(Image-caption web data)

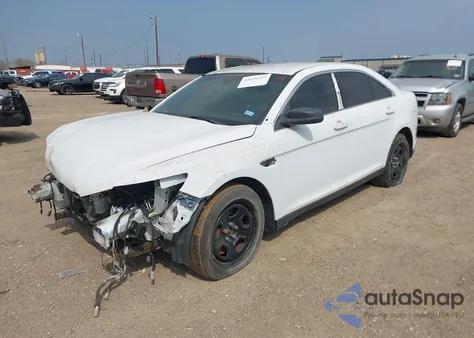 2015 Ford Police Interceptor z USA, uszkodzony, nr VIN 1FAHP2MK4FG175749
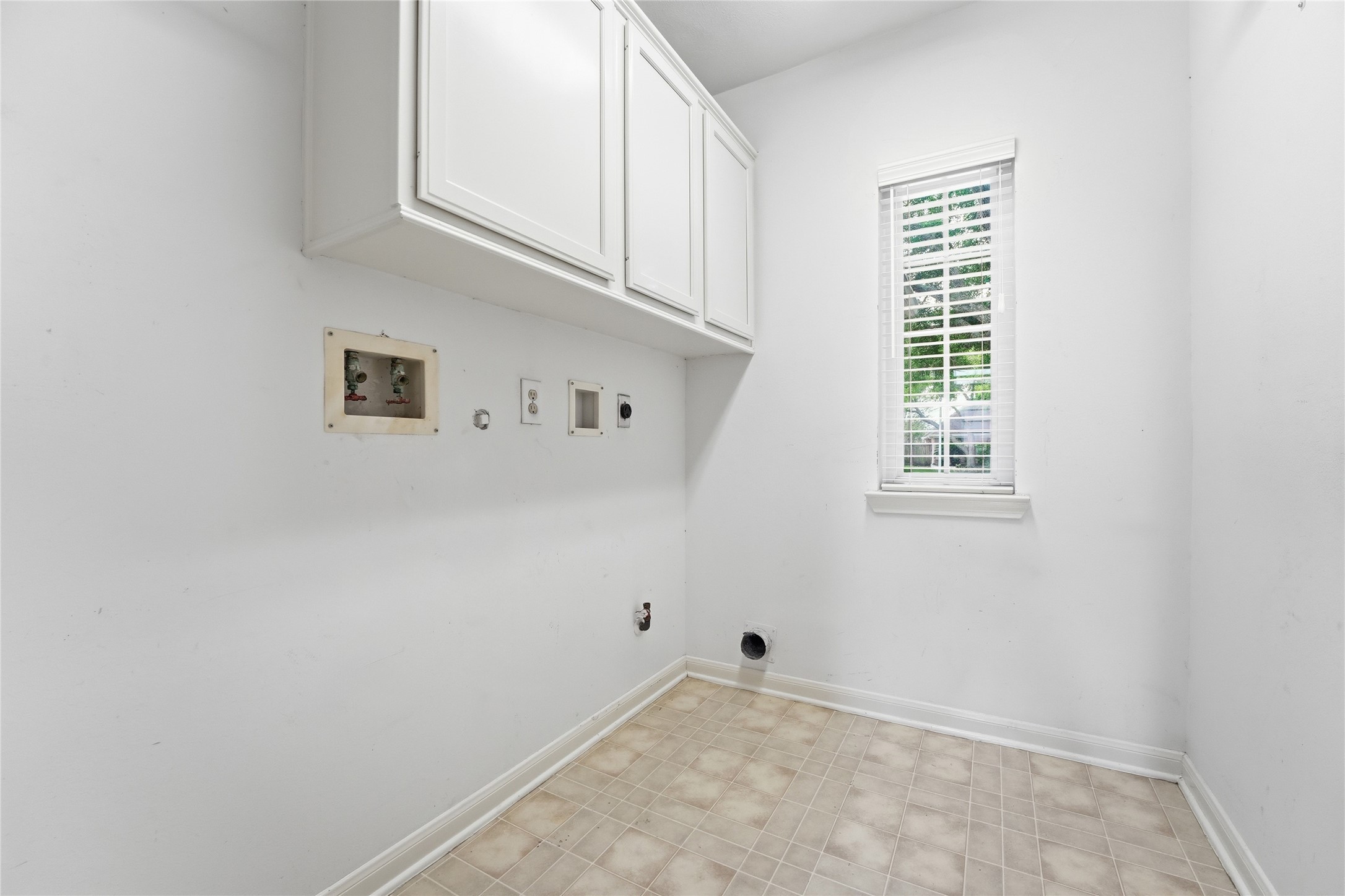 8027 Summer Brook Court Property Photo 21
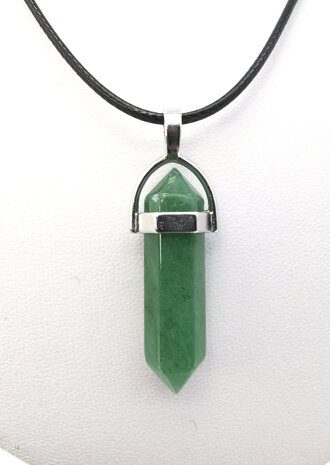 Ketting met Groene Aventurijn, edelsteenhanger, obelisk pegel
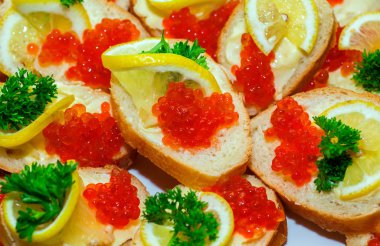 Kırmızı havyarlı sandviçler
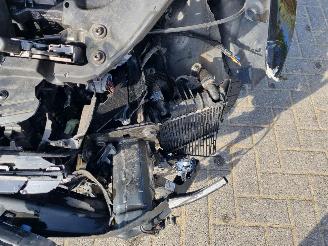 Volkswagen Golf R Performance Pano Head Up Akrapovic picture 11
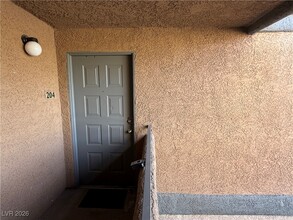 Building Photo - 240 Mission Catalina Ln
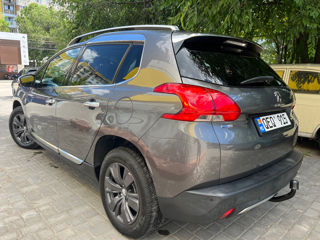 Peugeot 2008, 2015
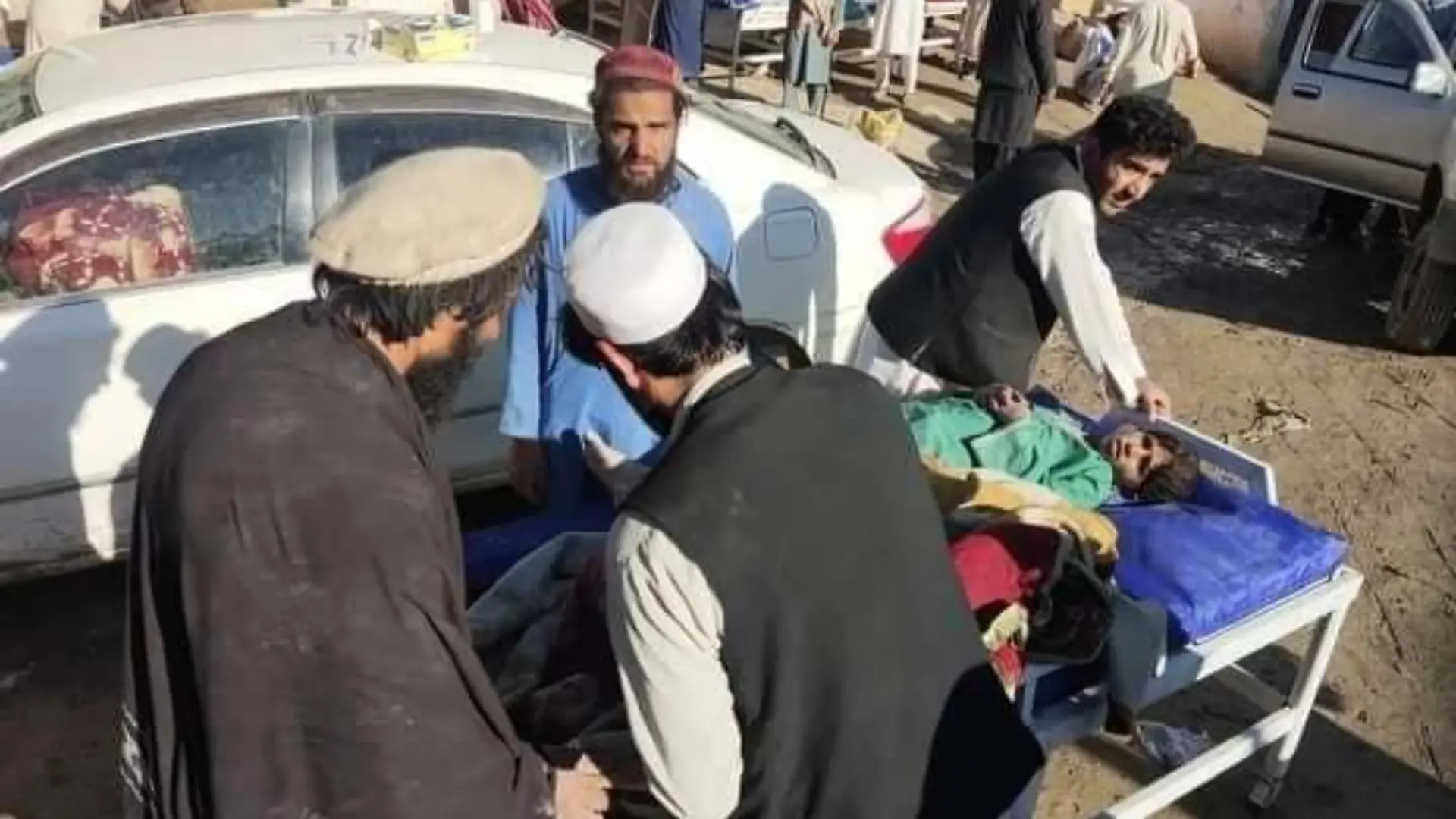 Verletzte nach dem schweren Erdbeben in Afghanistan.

| Task statement |
All records must be output exactly as they are, except for the pictures, which are left out.

| Written solution |
 2015 Ford Police Interceptor z USA, uszkodzony, nr VIN 1FAHP2MK4FG175749
 8027 Summer Brook Court Property Photo 21
 Ketting met Groene Aventurijn, edelsteenhanger, obelisk pegel
 Kırmızı havyarlı sandviçler
 Volkswagen Golf R Performance Pano Head Up Akrapovic picture 11
 Building Photo - 240 Mission Catalina Ln
 Peugeot 2008, 2015
 Verletzte nach dem schweren Erdbeben in Afghanistan.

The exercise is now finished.